Records shown –

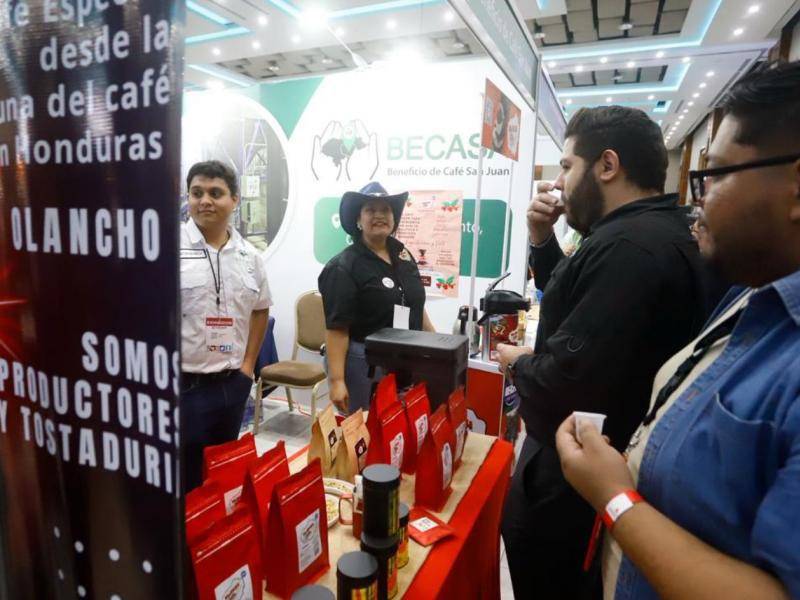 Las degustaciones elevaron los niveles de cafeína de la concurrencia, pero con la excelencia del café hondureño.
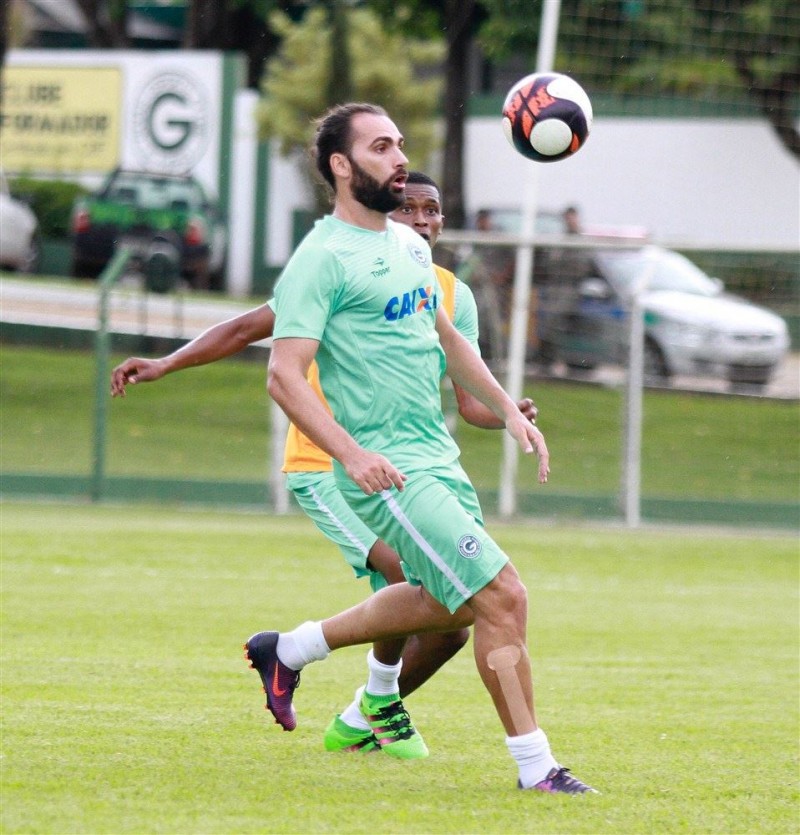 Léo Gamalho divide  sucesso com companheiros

...

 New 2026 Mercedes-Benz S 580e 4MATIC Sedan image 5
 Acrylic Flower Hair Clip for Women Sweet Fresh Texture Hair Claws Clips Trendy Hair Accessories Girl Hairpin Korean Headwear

---

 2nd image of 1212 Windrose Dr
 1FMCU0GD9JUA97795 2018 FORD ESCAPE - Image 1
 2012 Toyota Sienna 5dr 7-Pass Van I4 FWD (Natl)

Exercise description – Look above for the line that contains "2nd image of 1212 Windrose Dr". Starting there, transcribe every line exactly until you have copied the line that contains "2012 Toyota Sienna".

Response below –
 2nd image of 1212 Windrose Dr
 1FMCU0GD9JUA97795 2018 FORD ESCAPE - Image 1
 2012 Toyota Sienna 5dr 7-Pass Van I4 FWD (Natl)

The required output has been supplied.